Vermont Reveals the New Dangers of Summer Rain

While hurricanes often dominate summer worries, climate change is supercharging the risks from your typical unnamed rainstorm.

Vermont flooding.
Heatmap Illustration/Getty Images

When a slow-moving storm soaked Vermont with two-months worth of rain on Sunday and Monday, there was a ready comparison at hand: Tropical Storm Irene. The August 2011 storm similarly caused widespread flooding and resulted in more than $700 million in damages. While damage assessments are ongoing from this week’s storm, more than 200 people had to be rescued throughout the state as floodwaters surged, and early images show extensive public and private infrastructure losses.
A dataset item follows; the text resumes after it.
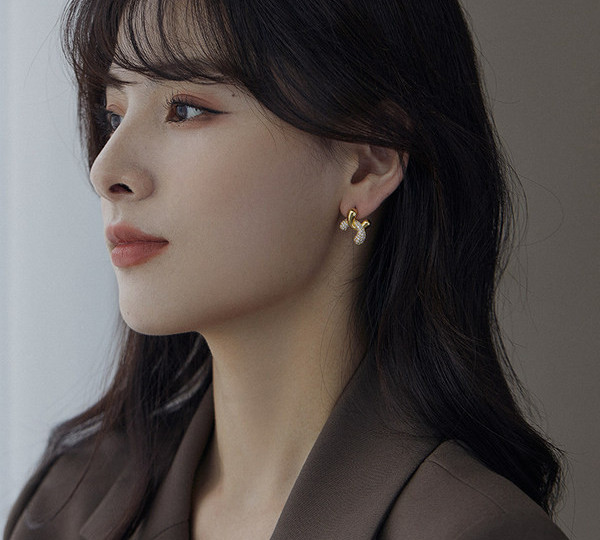 Дамски златисти  обеци с камъни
Governor Phil Scott referred to the recent onslaught as “Irene 4.0” on Tuesday, while the National Weather Service’s Burlington, Vermont, office has repeatedly made its own Irene comparisons to drive home the danger residents continue to face from floodwaters.

However, this was not a tropical storm, which means there’s no name or ranking to refer back to. Instead, it was the sort of no-name summer storm that has long been a feature of the region but is now intensifying due to rising temperatures.

“We're not used to thinking about summer rainstorms as being a really dangerous hazard,” Anna Weber, a senior policy analyst with the Natural Resources Defense Council, told me. “But with the effects of climate change, maybe we should be.”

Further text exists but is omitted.